In the book Golden Age of the Moor, Edited by Dr. Van Sertima, it highlights how Africans and Arabs “made algebra an exact science and developed in considerably and laid the foundation of analytical geometry; they were indisputably the plane and spherical trigonometry which, properly speaking did not exist among the Greeks.” In The Immortal Game, David Shenk highlights how the Moors used the chessboard as an abacus for mathematical calculations. Andalusian architecture in Spain today is a living testament to centuries of African and Arab science, technology, engineering, art and math.
What the Moors built, was on the shoulders of the Kemetic (Egyptian) ancestors. On the topic of African contributions to physics, John Pappademos wrote “The few papyri which have survived, show that they (the Egyptians) could compute the areas and volumes of abstract geometric figures….To the Egyptians we owe the idea of letting a symbol represent an unknown quantity in algebra.”
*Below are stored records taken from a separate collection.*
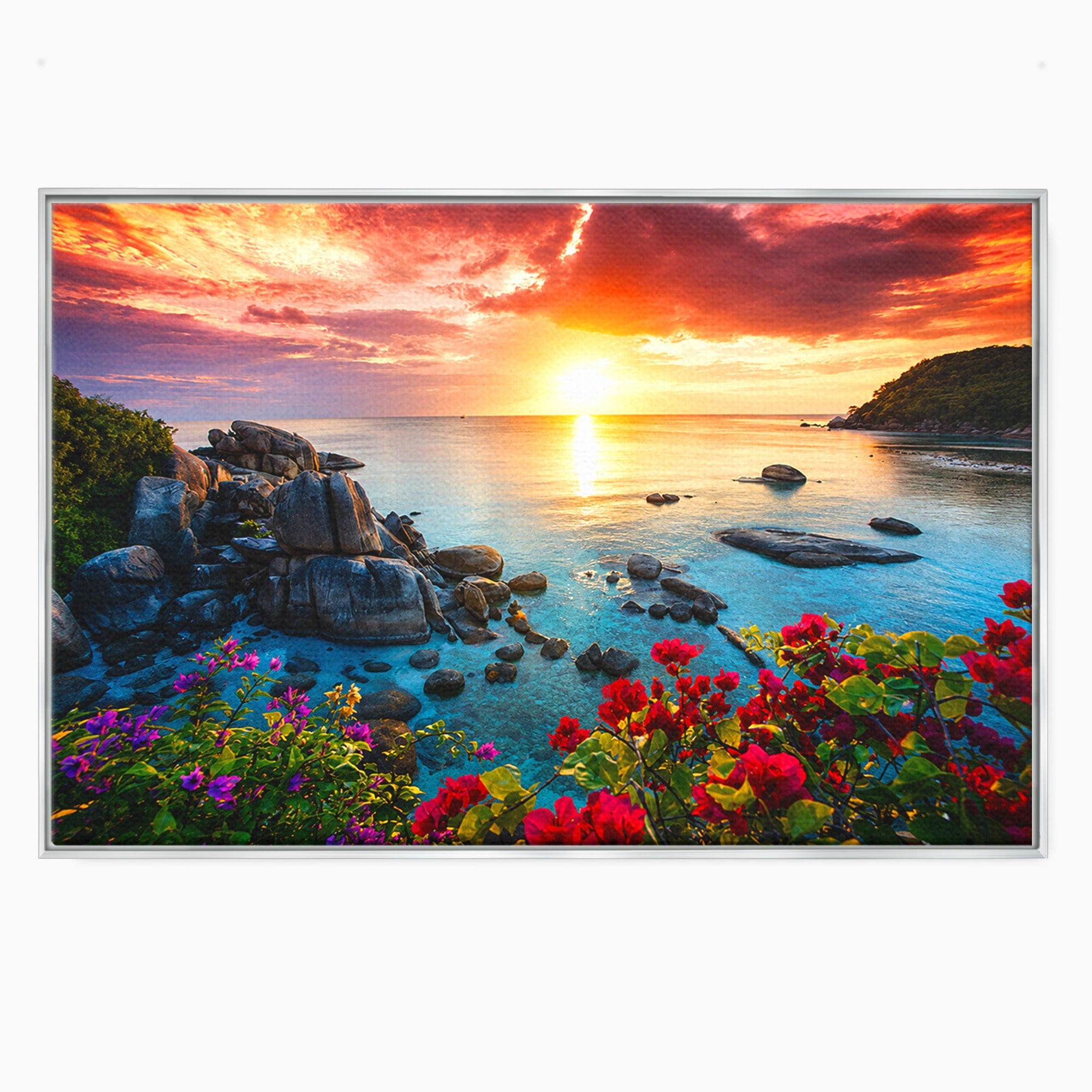 Tablou Canvas Premium LuxCanva® A1769, Apus Tropical, Apus, Plaja, Mare, Natura, Relaxare, Living, Culori Vibrante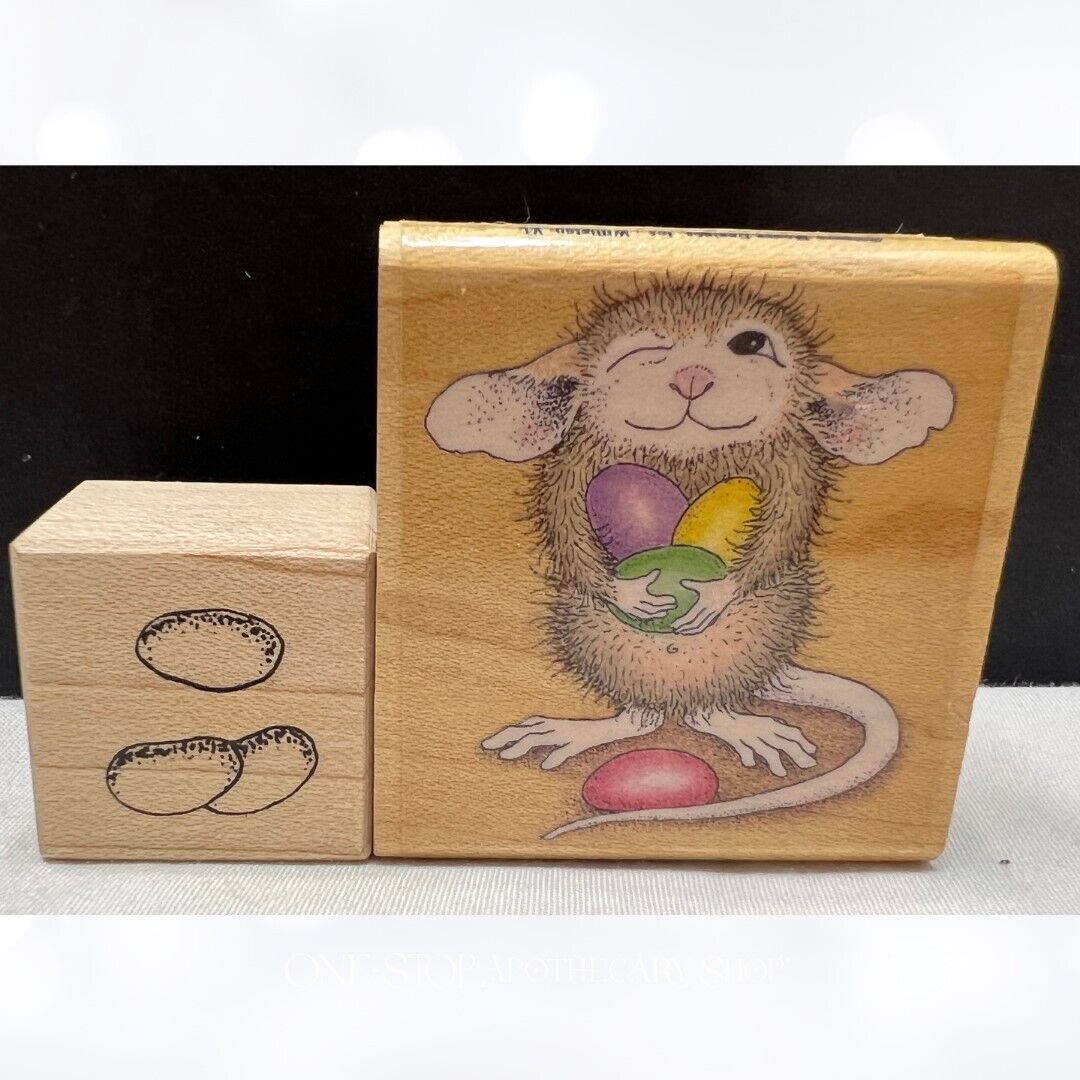 House Mouse MUDPIE HOLDS JELLY BEANS Candy Easter Mice Rubber Stamps Lot of 2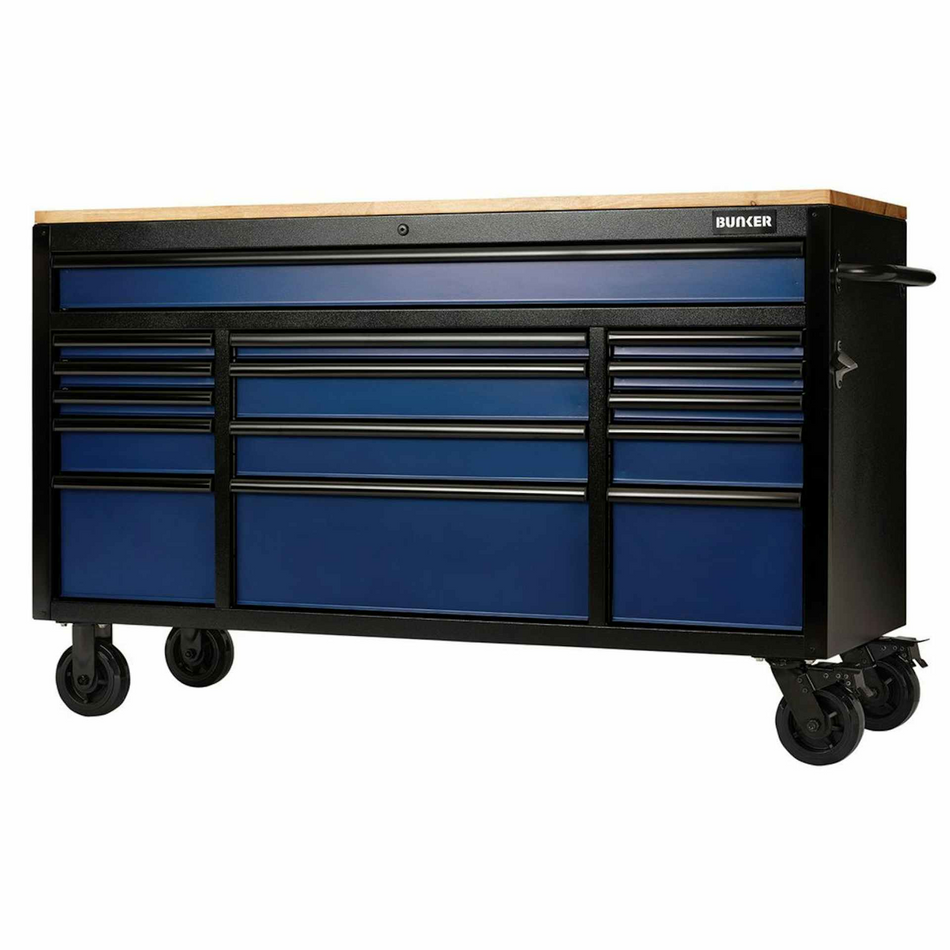 Draper 27336 BUNKER 15 Drawer Workbench Roller Tool Cabinet, 61" Blue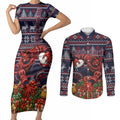 Personalized Melbourne Football Christmas Couples Matching Short Sleeve Bodycon Dress and Long Sleeve Button Shirt Australian Football Mascot - Ugly Xmas Pattern Festive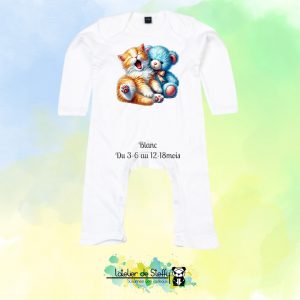 Barboteuse Pitchoune - Chaton et ourson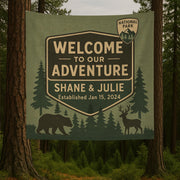 Outdoor Adventure Couple Tapestry, Custom Anniversary Gift, National Park Style Wall Art, Personalized Nature Tapestry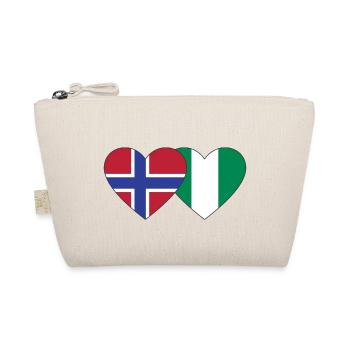 Norwegen Nigeria Flagge Herz - Bio-Täschchen - Natur - Vorne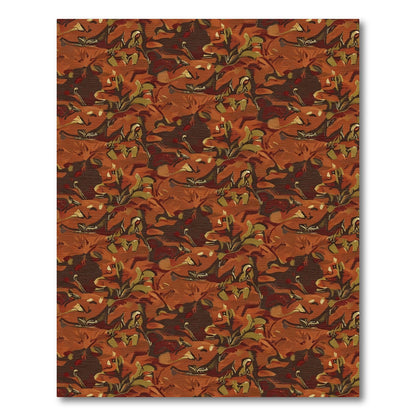 Autumnal Earth Tones Abstract Foliage Rug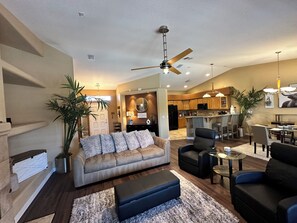 TV, fireplace
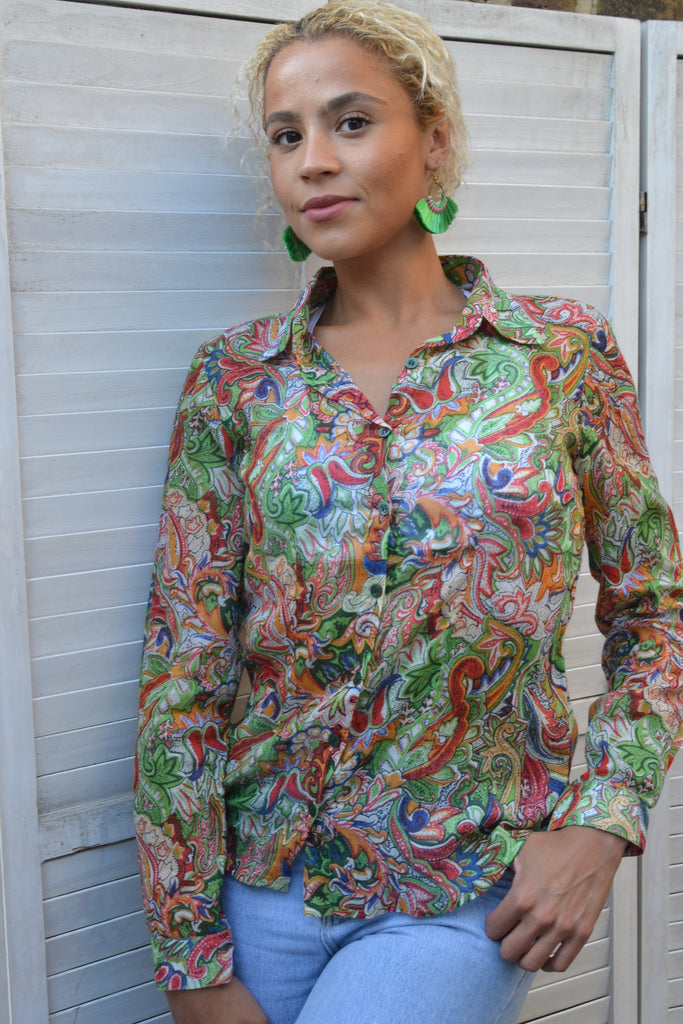 Green Cotton Voile fitted shirt.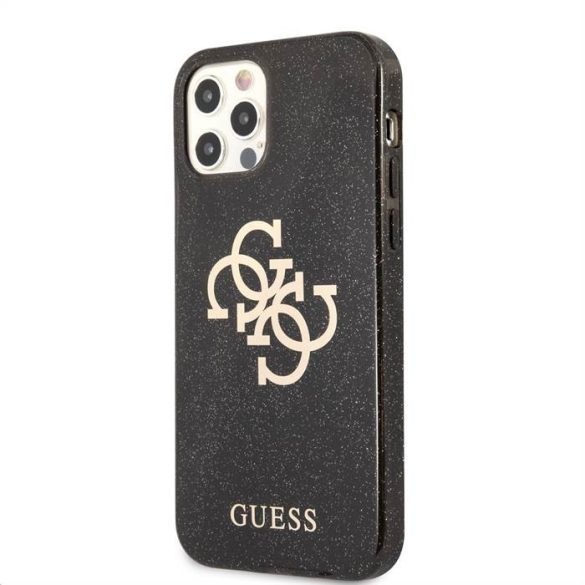 Husă din TPU cu sclipici pentru Apple iPhone 12 Pro Max GUESS GUHCP12LPCUGL4GBK - neagră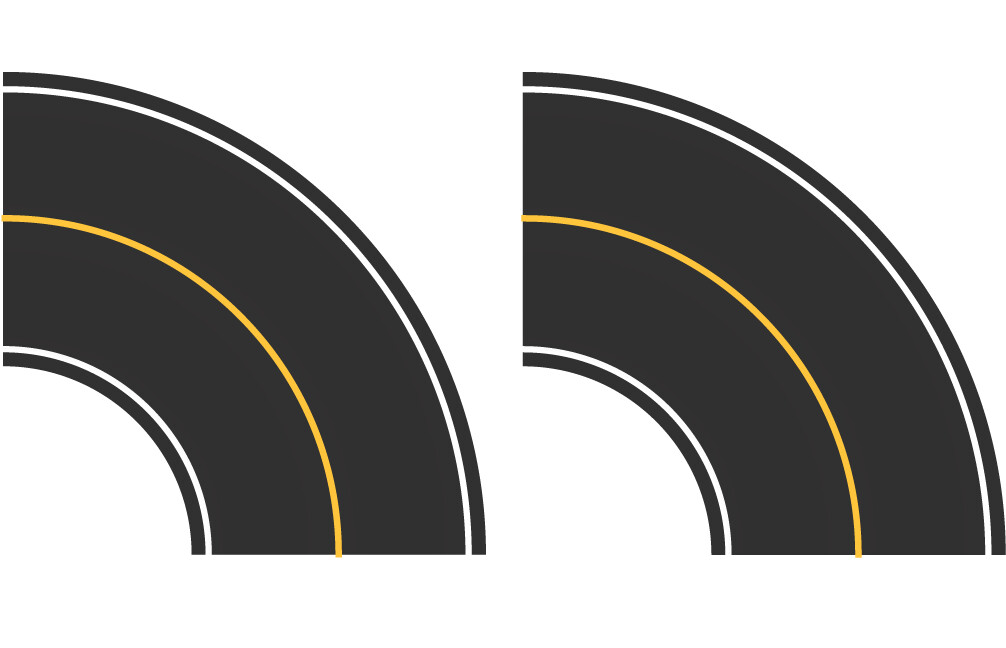 Easy Streets HO - Fresh Asphalt-Tight Curve-Solid Yellow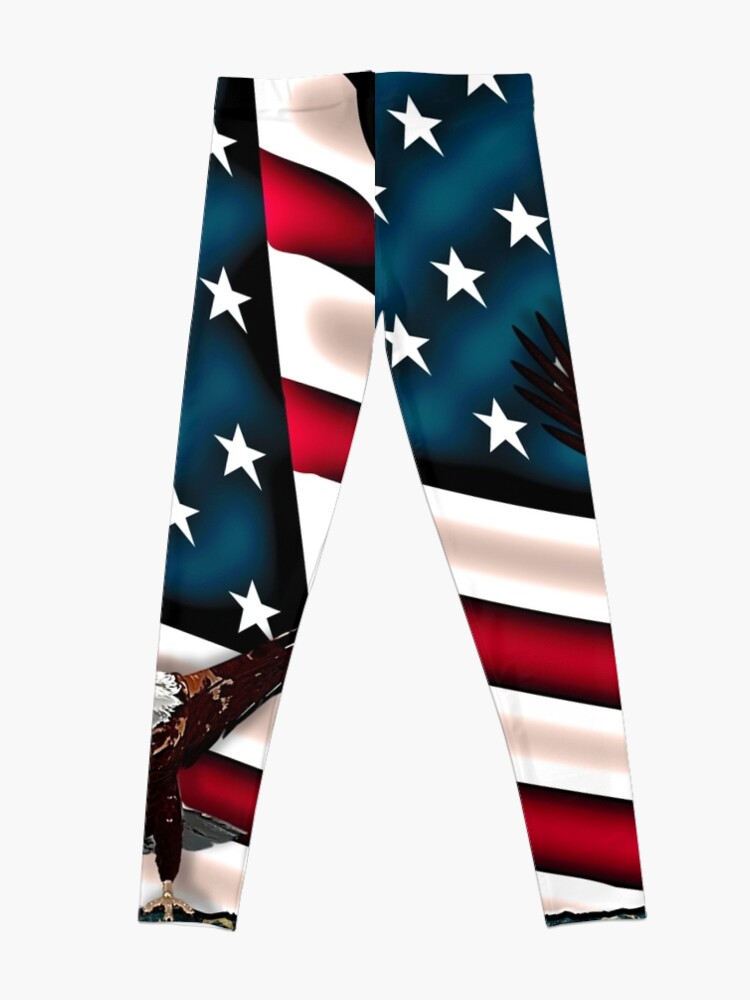 Alternate view of Patriotic Respect w/Eagle & USA Flag Leggings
Like the Moors, when Hip-Hop was In its “golden age” (1988-1993) it heavily promoted the importance of mathematics. This was mainly done by the 5% Nation of Gods and Earths, a branch of the Nation of Islam. Artists like Poor Righteous Teachers, Rakim, Wu-Tang Clan, Brand Nubian, Jay Z and many others have been affiliated with the organization. For them, understanding of mathematics has many practical and spiritual importance. Their symbol is the number 7 inside a circle and star. They teach their own “supreme alphabet”, “supreme mathematics” and “120 degrees” of knowledge. Hip-Hop spread these ideas across the world.
On the left, Jay Z, wearing a 5% medallion. On the right, its Founder Clarence 13 X
One of the fastest growing movements in teaching science is Science Genius. It is spearheaded by Dr. Chris Emdin who works closely with Wu-Tang Clan’s GZA (heavily influenced by the 5%) to host youth rap battles about science. Its impressive to see.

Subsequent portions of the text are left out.